Ad allenare il Milan , Farina chiamò il Barone Liedholm ( il mitico Barone che conquistò la Stella, 5 anni prima). Un’ annata ricca di soddisfazioni, come la vittoria contro la Roma, e soprattutto il derby della rivincita, del “volo della fenice” rappresentato dal gol di Hateley di testa subissando Collovati ; e poi la vittoria casalinga contro la Juve, Debuttò a Udine un “certo” Paolo Maldini allora 16 enne (l’inizio di una leggenda o meglio il continuo della leggenda della dinastia Maldini, iniziata con il padre Cesare vincitore da capitano della prima coppa campioni a Wembley nel 1963). E la finale di coppa Italia (eliminando in semifinale propri i cugini) persa contro la Sampdoria del magnate Mantovani (altro emblema del Calcio dei mecenati e della passione popolare, in una parola il CALCIO VERO esistito per oltre un secolo) e dei gemelli enfants prodiges, Luca Vialli & Bobby gol, una “bestia nera per il Milan di quegli anni, e la conquista di un “posto UEFA”. Un traguardo importante e difficile da raggiungere visto che in quei campionati a 16 squadre, per partecipare alla coppa UEFA era necessario arrivare dal secondo al quinto posto (il Milan giunse quinto, oggi parteciperebbe alla Champions League…). Sembrava un idillio quello di Farina con il Milan, ma l’anno successivo la campagna acquisti fu misera.
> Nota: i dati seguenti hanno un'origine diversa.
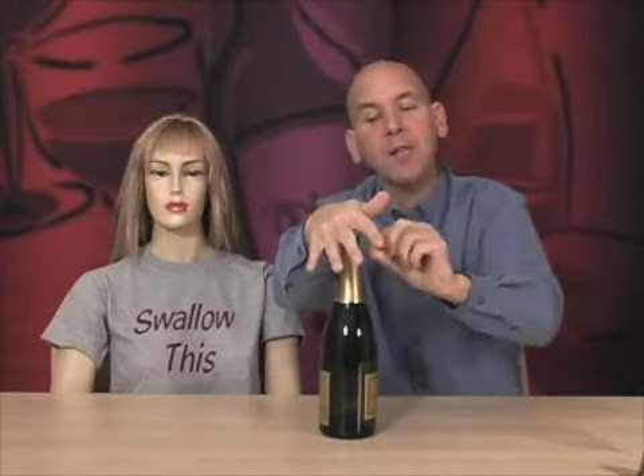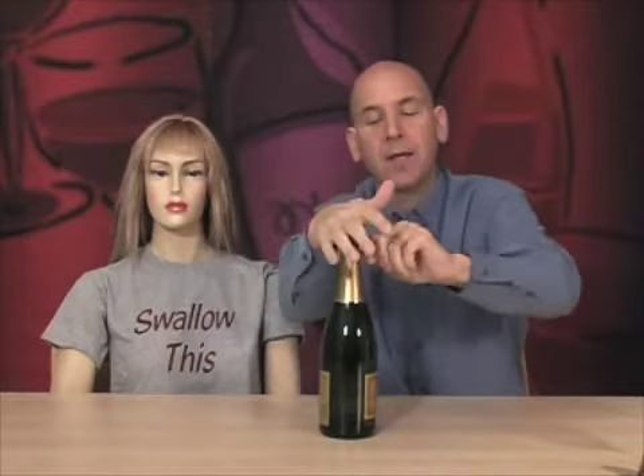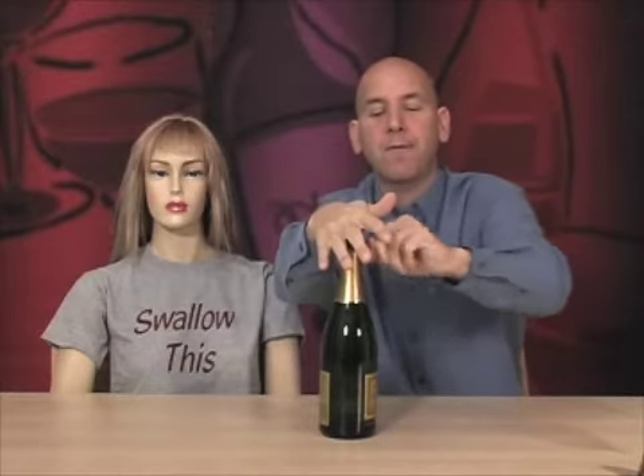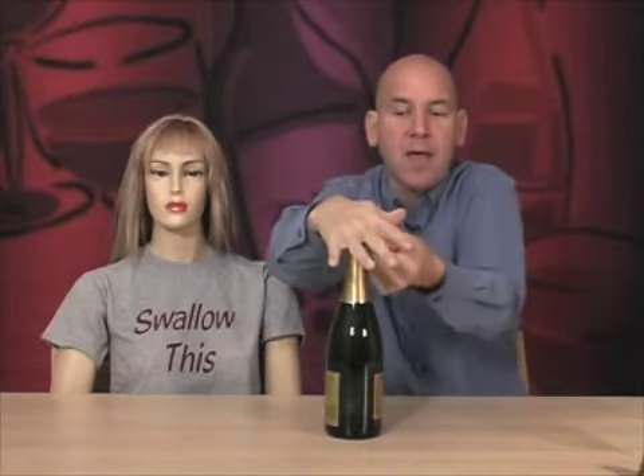Here's a little trivia: how many turns does it take to unscrew the cage? Six. All bottles of sparkling wine or champagne — six turns. Good trivia. So I'm going to undo the cage, but the cage doesn't come off the cork. The cage always stays on and you open the bottle with the cage still on. One, two, three, four, five, six — perfecto. I loosen the cage and we're ready to go.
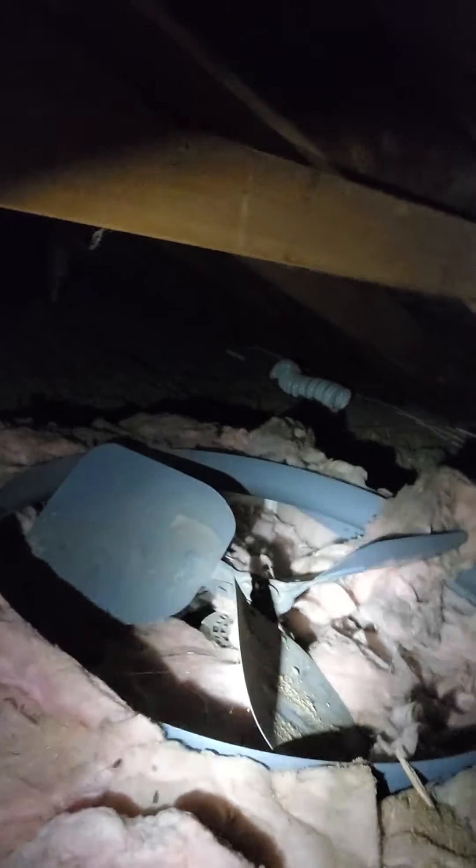That moisture creates something for the mold to eat. In this house, there's a whole house fan that's just open — basically a couple of metal flaps between the attic space and the living space — so warm air is just flowing through there. A lot of times, if you have a bunch of can lights, that can also be a source of warm air getting into the attic.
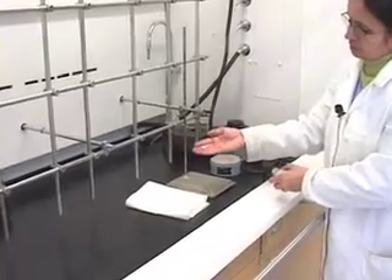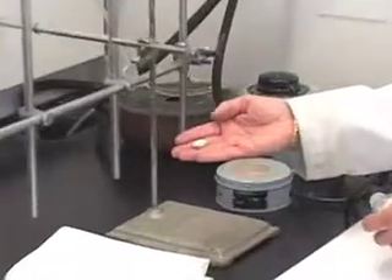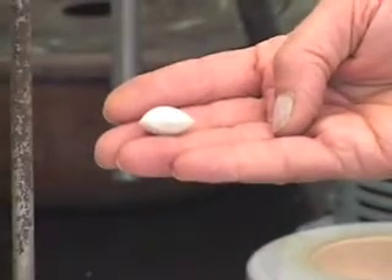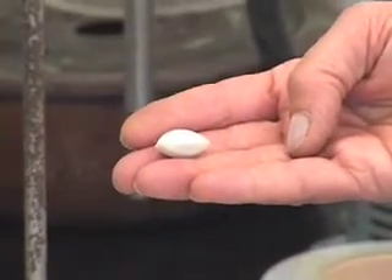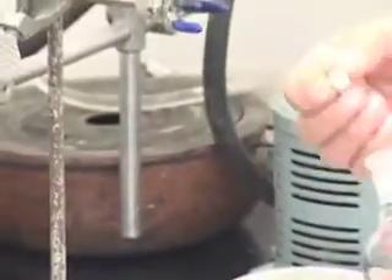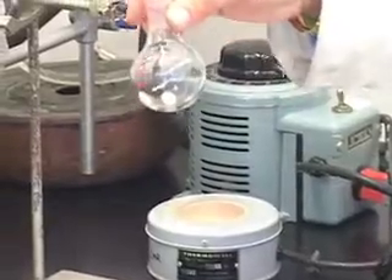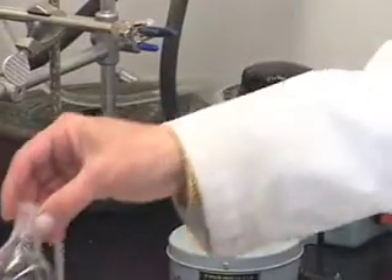This is what a magnetic stir bar looks like. This is called an oval shaped, or egg shaped, magnetic stir bar. You are going to place the magnetic stir bar inside the flask. We will attach the flask shortly.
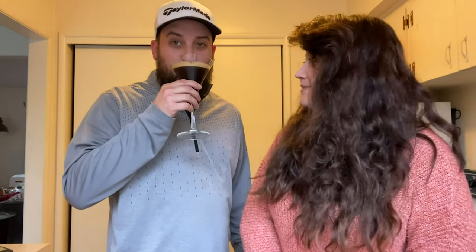Oh, frothy! And there it is — espresso martini! Cheers. I have my certified taste tester here. That's killer! No, go away, this is mine.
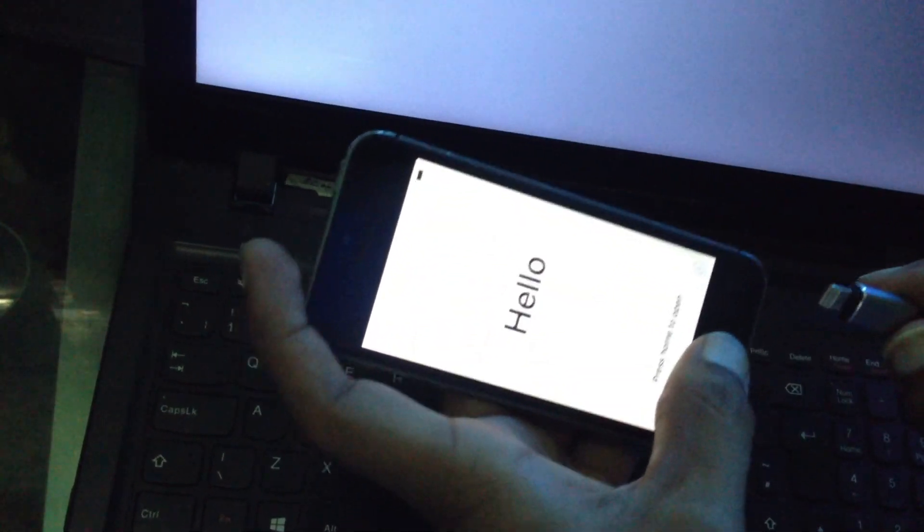Now we select this 2GB file — welcome to checkra1n. Now we connect our cable with our iPhone 5S.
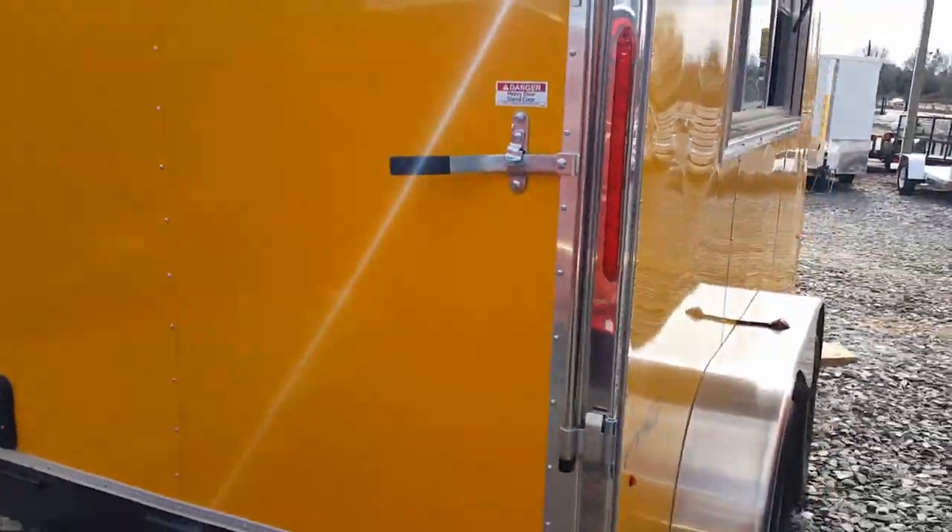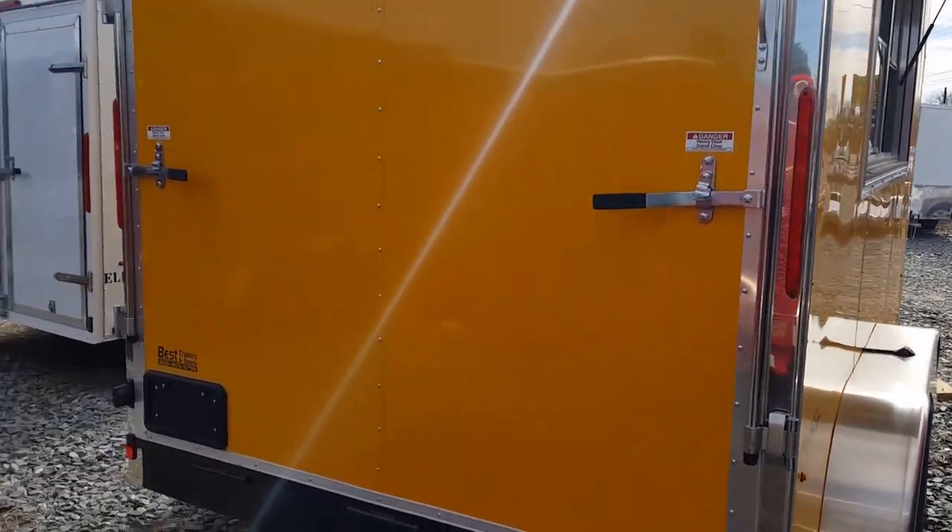Mine are all done with LED lights, so you get the nicer lights on them. This one has a one-piece aluminum roof.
Arrivò il pupillo del presidente, Paolo Rossi, tormentato dai problemi alle ginocchia. Fu pagato oltre 6 miliardi di lire alla Juventus. Giocò pochissimo e segnò solo due gol, due gol “pesanti” nel derby di andata finito 2-2. Oltre a Pablito, arrivarono giocatori quasi sconosciuti come Macina, Mancuso e Bortolazzi. Le casse rossonere erano esangui. I tifosi iniziarono a preoccuparsi. E avevano ragione di preoccuparsi.
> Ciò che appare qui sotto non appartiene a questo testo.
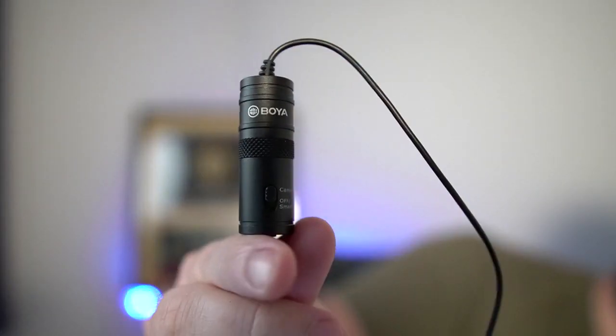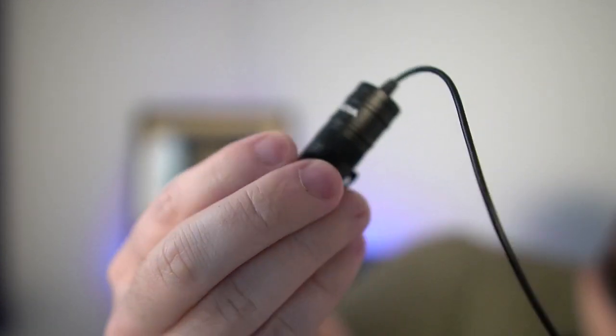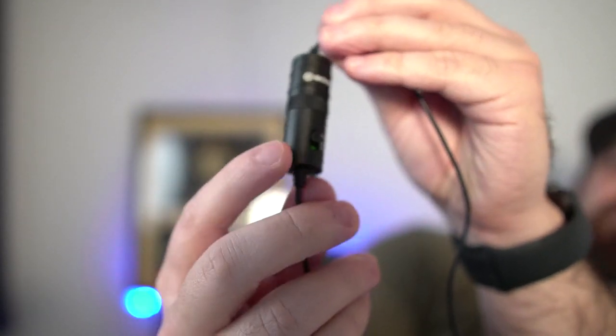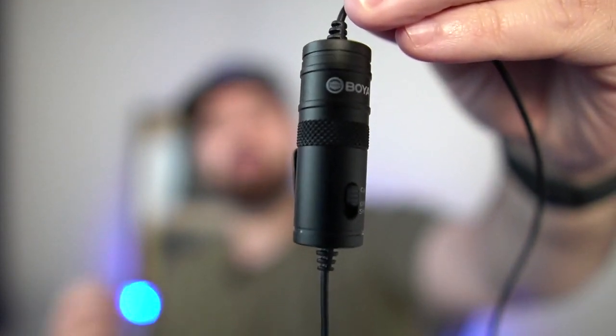Then we have this piece right here, which you can also clip on if you want. So you can see it's a simple thing you flip right here to switch between your smartphone and using the camera. Just a simple switch up and out, so very simple to switch between the two.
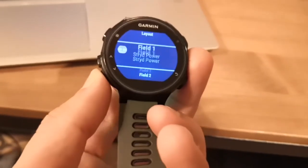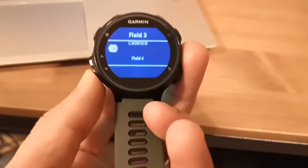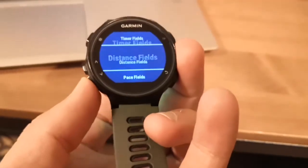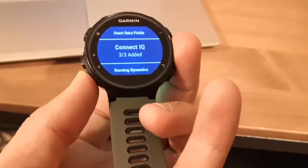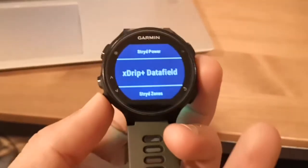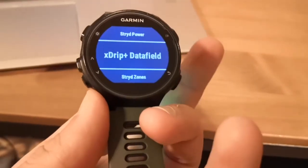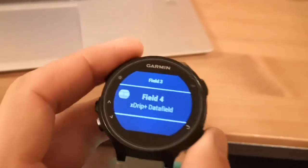You'll want to make sure you've selected that app. In this instance it's field four, the extra data field. Select field four, then keep scrolling down until you find Connect IQ — that's what you want. It's not listed under the name of the app; the app name is inside the Connect IQ section, which is the extra data field. Select the extra data field and it will show in field four of screen two.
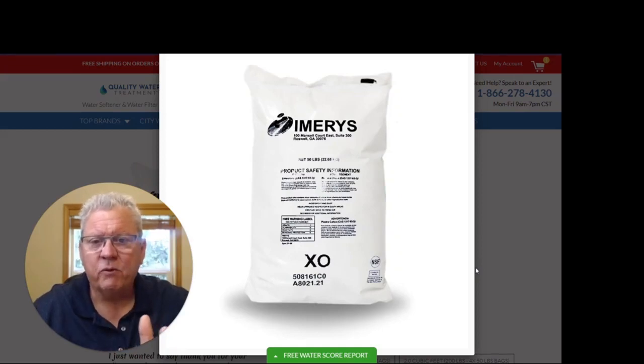Hi, this is Craig with Quality Water Treatment, also known as Craig the Water Guy. I hope you're doing great today. Today I want to go over the replacement product, Calcite Limestone.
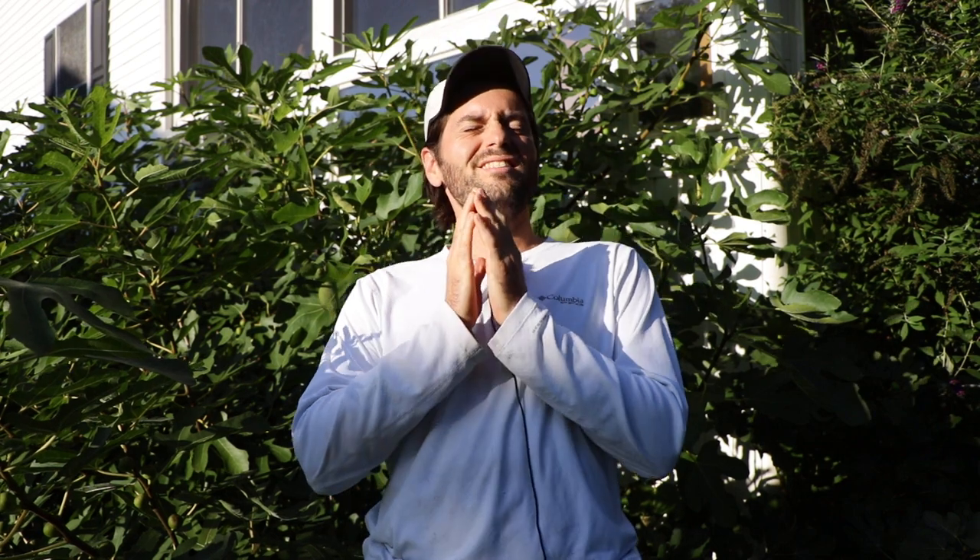All right, fig lovers, this is Ross the Fig Boss. In today's video, I am going to answer a ridiculously common question that I've been getting recently, especially now that we're approaching the end of the fig season. We are also in the midst of harvesting a lot of figs, and probably some of you are thinking, well, where are my figs? Why am I not getting any? And the question I get is, why are my figs not ripening?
Nel corso dei mesi successivi, si scoprirono i buchi in bilancio che la gestione dell’imprenditore veneto aveva creato e ripianati in parte dalla generosità del vice presidente Gianni Nardi (sempre sia lodato). Il fallimento era dietro l’angolo. I tifosi sconvolti dalle notizie che la stampa diffondeva erano drammatiche. La contestazione del popolo rossonero fu enorme e fragorosa. Si chiedeva a Farina di andarsene e vendere a Berlusconi. Nel febbraio del 1986, lungo il rettilineo dei popolari venne apposto uno striscione con la scritta: Farina=Rovina. Volantini distribuiti allo stadio recitavano il motto: Farina fuori dai c…i , vogliamo Berlusconi! Io, che seguii il Milan, come migliaia di altri tifosi, anche nelle due annate di B, e che il Milan per noi era una “ragione di vita”, consideravamo Farina come il male assoluto.
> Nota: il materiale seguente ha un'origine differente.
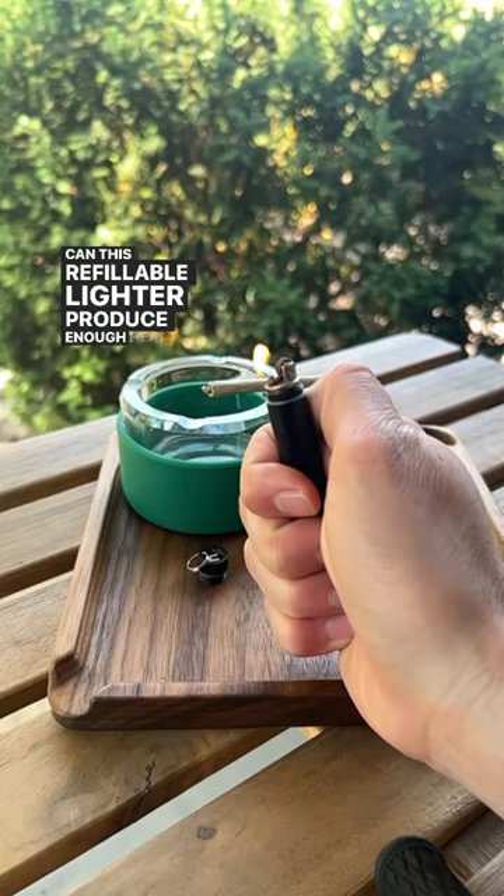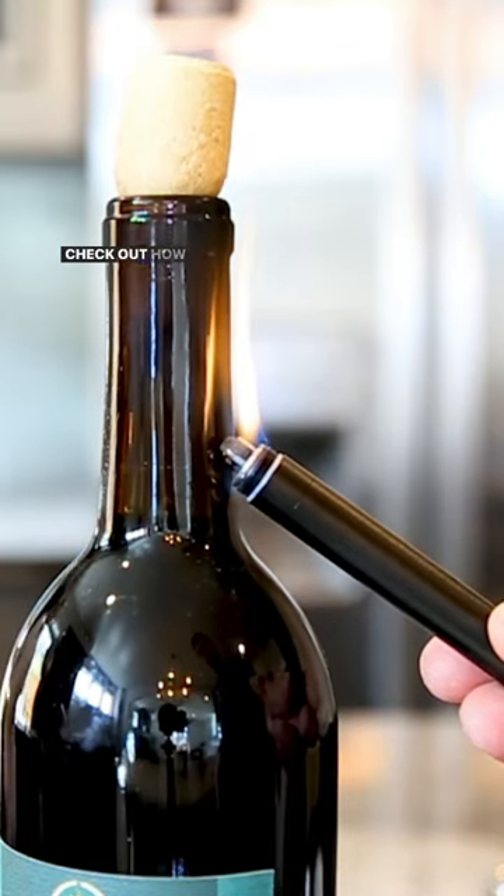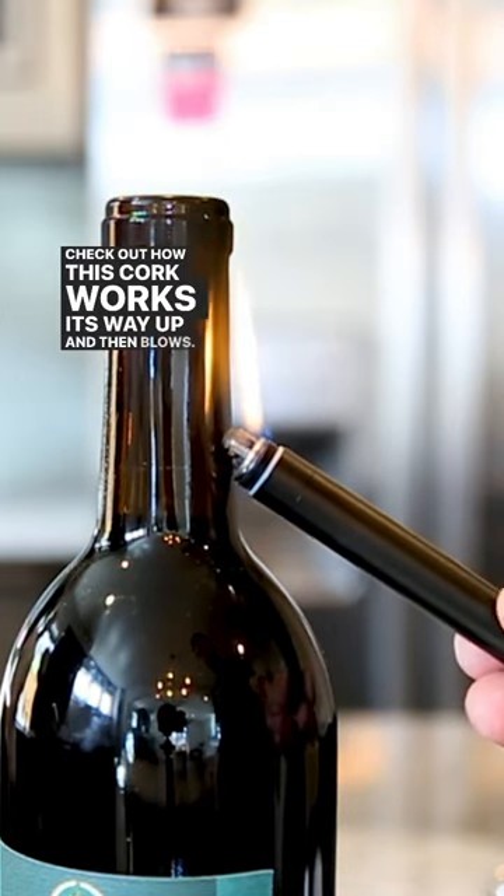Can this refillable lighter produce enough heat to blow the cork right out of a wine bottle? Let's check it out. Check out how this cork works its way up and then blows.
Un sostantivo aggettivato, ormai storico, sintetizza quell’unione di intenti, di storia, di progetti, di traguardi: il Milanismo. Certo, la società presieduta da Farina aveva pochi liquidi, ma non era una società che potremmo definirla sociologicamente, “liquida” (parafrasando le teorie del sociologo Bauman). Nella odierna era calcistica, i rapporti sono instabili, precari, privi di punti di riferimento, dove tutto è cangevole senza certezze, dove la sinergia società, squadra tifosi non esiste perchè tutto muta alla velocità di un click digitale, imposto dal mercimonio dilagante, dove tutto è mercificato, anche e soprattutto la passione.